These are comments on an election in which votes are still being counted, so some slight changes in outcome are possible. I just want to note a few things in broad outline about the apparent results of the elections in Italy.

First, the current, caretaker government of Mario Monti, a government that even Nobel Paul Krugman today in the NY Times called “a proconsul imposed by Germany” to carry out austerity policies, was decisively rejected: its 9% is under the threshold that allows some of its coalition partners that running below 2% as parties, to have seats in parliament. Thus, Gianfranco Fini, once leader of the ex-fascist National Alliance, is excluded from parliament for instance.

More importantly, 91% of the Italian voters rejected Monti, his politics, austerity. A more thorough rejection of a sitting government and the policies it stands for, is hard to imagine.

Second, only 75% of eligible voters voted. This is a new low in Italian history since World War II. This refusal of the existing political establishment also took somewhat more, if inchoate form in the massive and unexpected (by mainstream thinkers) vote for the Comedian Beppe Grillo’s Five Star movement.
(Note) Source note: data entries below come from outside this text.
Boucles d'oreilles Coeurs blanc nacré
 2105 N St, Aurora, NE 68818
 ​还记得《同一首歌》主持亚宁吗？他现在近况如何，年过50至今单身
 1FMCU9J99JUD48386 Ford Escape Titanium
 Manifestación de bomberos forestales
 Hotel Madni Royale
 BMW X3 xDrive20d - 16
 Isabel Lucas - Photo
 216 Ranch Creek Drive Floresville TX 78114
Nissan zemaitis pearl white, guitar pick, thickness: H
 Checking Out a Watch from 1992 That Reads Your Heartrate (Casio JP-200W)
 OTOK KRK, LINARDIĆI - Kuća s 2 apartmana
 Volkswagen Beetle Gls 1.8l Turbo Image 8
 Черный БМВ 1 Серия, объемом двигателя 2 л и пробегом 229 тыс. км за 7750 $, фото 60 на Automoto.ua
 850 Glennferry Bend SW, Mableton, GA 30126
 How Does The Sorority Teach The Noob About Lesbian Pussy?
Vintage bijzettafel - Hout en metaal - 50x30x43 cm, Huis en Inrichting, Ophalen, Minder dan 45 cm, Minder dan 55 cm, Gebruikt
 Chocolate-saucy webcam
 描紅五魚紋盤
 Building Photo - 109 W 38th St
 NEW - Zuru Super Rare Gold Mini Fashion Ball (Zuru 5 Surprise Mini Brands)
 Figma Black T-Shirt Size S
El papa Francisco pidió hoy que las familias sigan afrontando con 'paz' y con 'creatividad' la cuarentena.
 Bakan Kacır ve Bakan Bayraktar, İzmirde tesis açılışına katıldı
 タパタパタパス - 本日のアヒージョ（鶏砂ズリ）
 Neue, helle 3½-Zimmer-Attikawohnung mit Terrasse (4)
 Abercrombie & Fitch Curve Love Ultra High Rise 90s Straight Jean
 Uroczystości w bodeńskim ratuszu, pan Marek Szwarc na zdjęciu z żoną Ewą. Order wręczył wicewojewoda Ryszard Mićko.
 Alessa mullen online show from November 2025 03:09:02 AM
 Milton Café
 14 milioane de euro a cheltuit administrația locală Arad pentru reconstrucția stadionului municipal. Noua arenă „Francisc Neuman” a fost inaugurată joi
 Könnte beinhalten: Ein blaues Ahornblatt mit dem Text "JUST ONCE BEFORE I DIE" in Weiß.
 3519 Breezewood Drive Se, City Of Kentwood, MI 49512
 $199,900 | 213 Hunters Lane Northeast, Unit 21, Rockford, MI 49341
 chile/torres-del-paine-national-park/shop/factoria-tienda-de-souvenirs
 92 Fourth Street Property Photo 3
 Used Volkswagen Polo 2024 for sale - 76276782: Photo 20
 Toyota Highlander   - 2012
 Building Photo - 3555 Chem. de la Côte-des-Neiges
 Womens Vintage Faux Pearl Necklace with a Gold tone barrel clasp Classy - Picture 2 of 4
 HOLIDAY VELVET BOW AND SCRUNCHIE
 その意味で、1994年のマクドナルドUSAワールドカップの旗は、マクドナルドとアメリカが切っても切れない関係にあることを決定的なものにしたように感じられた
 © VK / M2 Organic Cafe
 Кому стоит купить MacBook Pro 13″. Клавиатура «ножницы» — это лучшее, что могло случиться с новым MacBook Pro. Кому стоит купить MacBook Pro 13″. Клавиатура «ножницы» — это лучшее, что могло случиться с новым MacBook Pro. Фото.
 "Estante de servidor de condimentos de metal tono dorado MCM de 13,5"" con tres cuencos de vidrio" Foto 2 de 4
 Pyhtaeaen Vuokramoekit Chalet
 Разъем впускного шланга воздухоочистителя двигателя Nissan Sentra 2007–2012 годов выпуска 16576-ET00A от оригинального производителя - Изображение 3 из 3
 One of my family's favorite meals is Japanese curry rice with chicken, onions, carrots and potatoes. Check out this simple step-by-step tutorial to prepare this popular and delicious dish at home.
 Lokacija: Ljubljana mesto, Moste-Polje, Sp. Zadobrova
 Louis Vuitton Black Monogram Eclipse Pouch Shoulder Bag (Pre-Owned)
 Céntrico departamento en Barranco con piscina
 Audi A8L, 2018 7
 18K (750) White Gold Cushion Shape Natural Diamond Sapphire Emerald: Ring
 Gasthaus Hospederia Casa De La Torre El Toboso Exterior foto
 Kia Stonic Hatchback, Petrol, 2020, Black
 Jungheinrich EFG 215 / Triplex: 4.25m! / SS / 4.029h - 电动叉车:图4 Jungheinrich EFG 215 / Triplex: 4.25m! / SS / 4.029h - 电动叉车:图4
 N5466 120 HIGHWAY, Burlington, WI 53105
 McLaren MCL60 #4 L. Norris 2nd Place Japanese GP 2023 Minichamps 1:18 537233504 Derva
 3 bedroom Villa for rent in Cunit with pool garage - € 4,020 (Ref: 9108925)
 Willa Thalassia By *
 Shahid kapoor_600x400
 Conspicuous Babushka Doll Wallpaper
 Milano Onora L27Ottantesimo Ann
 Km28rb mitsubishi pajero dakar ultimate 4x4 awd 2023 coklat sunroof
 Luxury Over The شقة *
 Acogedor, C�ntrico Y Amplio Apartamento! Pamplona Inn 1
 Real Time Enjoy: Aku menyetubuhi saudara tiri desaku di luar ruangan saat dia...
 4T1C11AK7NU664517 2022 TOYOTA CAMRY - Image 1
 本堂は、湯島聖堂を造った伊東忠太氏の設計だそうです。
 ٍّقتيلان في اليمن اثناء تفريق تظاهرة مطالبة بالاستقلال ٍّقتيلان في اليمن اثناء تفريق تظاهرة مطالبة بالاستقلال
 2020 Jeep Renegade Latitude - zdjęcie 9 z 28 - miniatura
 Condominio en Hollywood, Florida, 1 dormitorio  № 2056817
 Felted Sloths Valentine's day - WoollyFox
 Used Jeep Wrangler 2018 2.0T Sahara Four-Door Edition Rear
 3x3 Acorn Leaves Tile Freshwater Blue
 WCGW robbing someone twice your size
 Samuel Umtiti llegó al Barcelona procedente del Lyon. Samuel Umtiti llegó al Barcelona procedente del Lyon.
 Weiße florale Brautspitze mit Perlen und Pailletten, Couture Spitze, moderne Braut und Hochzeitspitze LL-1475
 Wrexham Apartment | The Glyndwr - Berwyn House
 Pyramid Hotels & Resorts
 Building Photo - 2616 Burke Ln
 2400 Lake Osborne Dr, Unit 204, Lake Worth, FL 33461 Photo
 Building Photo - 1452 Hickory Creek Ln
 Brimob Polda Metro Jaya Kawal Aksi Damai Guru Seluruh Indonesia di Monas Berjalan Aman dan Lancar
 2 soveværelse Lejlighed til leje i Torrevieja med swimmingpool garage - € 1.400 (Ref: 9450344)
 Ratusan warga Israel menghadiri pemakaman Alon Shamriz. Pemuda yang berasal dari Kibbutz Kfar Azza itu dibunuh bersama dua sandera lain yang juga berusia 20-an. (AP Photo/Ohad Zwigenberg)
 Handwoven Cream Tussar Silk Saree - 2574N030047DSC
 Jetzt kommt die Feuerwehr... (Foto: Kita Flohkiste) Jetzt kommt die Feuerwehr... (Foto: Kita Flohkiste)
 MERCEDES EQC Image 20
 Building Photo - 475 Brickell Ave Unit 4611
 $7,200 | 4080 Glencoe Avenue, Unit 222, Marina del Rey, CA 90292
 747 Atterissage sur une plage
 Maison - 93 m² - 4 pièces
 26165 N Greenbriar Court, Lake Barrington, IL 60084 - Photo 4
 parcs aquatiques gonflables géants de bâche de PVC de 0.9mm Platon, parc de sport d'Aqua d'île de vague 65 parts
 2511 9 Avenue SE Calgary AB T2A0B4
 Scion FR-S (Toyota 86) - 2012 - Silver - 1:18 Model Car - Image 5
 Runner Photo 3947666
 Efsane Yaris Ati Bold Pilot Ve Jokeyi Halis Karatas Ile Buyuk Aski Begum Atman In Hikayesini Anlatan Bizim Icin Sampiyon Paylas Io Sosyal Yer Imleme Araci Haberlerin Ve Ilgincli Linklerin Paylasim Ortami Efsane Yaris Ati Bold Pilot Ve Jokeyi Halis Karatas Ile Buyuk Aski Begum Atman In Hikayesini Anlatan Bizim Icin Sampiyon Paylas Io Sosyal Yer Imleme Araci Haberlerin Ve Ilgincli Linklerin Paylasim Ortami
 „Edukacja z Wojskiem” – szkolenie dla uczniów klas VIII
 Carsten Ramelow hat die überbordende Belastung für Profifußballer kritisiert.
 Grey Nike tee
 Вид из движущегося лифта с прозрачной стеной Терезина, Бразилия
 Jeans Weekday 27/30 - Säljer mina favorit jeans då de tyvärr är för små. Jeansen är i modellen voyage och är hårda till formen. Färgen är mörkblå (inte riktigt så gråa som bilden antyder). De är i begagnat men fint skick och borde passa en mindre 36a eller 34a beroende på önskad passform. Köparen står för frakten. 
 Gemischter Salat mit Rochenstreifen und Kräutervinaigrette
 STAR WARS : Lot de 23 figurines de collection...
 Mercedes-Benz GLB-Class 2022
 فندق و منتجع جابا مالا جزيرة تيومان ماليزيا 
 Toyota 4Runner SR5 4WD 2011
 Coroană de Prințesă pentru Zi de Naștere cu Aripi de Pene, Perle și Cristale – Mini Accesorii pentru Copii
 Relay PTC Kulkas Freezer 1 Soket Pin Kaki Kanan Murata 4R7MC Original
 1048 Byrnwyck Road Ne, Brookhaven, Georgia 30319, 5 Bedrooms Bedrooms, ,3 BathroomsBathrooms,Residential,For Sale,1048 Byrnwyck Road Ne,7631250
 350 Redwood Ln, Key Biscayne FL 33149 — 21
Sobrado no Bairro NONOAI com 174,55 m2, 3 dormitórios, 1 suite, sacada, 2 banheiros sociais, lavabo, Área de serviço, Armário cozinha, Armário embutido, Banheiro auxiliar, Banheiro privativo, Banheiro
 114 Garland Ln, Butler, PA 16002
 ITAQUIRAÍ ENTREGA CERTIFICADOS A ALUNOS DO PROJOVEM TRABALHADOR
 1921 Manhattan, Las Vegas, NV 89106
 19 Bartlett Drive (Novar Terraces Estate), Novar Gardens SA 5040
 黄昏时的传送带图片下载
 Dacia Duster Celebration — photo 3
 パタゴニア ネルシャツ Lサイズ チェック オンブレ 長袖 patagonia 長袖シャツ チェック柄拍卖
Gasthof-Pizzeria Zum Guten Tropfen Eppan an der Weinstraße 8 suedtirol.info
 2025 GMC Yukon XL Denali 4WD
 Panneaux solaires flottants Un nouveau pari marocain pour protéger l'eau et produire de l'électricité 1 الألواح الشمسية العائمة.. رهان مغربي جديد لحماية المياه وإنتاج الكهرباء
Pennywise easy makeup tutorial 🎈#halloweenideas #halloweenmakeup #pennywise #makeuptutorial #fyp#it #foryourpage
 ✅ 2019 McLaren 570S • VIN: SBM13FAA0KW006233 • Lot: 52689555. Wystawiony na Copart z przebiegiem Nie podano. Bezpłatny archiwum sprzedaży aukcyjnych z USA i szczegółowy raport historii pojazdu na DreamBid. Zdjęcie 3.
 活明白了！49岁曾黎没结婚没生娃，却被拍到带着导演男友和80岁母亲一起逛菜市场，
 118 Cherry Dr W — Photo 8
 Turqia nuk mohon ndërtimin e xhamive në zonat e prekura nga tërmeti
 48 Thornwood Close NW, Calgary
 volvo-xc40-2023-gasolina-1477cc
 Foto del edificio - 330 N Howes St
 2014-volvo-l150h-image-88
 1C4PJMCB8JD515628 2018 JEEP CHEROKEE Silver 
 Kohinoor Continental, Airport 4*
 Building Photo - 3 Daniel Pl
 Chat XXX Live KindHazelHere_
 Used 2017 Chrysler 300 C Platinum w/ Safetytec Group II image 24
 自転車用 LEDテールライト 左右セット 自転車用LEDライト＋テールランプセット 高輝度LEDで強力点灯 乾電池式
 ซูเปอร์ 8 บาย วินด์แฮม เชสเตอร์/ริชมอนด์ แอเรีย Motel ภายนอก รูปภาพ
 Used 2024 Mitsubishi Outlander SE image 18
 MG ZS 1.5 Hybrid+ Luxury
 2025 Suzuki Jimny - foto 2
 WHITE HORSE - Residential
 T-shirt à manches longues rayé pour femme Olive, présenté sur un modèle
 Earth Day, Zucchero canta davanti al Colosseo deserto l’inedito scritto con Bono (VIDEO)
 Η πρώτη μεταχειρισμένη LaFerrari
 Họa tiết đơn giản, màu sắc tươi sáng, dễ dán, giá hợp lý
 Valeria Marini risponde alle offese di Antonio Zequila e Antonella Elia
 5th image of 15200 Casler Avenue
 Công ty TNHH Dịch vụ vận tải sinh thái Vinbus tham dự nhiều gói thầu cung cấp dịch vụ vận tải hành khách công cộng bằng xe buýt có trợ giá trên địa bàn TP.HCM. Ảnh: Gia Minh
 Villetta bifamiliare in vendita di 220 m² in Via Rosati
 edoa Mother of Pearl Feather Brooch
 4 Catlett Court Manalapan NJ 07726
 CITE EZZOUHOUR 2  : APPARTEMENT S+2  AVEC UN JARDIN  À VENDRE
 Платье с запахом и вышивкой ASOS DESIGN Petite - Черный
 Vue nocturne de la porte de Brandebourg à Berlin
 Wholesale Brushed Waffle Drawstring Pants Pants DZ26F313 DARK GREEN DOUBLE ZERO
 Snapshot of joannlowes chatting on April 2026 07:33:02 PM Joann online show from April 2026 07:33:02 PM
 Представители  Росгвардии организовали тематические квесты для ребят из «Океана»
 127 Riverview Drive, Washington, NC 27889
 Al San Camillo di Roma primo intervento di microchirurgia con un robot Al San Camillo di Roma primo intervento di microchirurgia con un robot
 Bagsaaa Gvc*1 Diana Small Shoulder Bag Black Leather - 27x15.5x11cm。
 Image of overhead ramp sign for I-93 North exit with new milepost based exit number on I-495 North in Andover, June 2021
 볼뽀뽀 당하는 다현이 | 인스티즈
This movement has garnered about 25% of the national vote. It is now the largest party in Parma, in the region of Veneto (where we live), and among artisans and crafts workers – a group that until now, in the North at least, was the backbone of the racist Northern League. Wherever Grillo’s party has grown, the Lega Nord has shrunk.

Now, Grillo’s movement cannot be defined as “Left” or as “working class”. It is however, probably also unfair to call it Right wing. So the question is: what did people vote for in voting for this protest movement?

I think it is clear that they responded to two things: the vote for Grillo was a vote against all the existing parties first of all, against their monopoly not only on political power, but over everything – getting access to jobs, promotions, financing, everything.

Second Grillo’s program included the following measures:

1. unilateral default on the public debt

2. nationalization of the banks

3. a guaranteed “citizenship” income of 1000 euros a month

in other words, much of the vote for Grillo was a vote for a program that is as close to the program advocated for years by Midnight Notes, or by the books of Negri and Hardt, etc. as any political party in a rich country has approached.

The vote for Grillo, in other words, exists in lieu of a serious left that says these things. (I went to hear Toni Negri speak the other day here in Padua, presenting the book version of his and Hardt’s non-manifesto of last year. He was interesting and I will send some further notes about that talk in the next day or two.)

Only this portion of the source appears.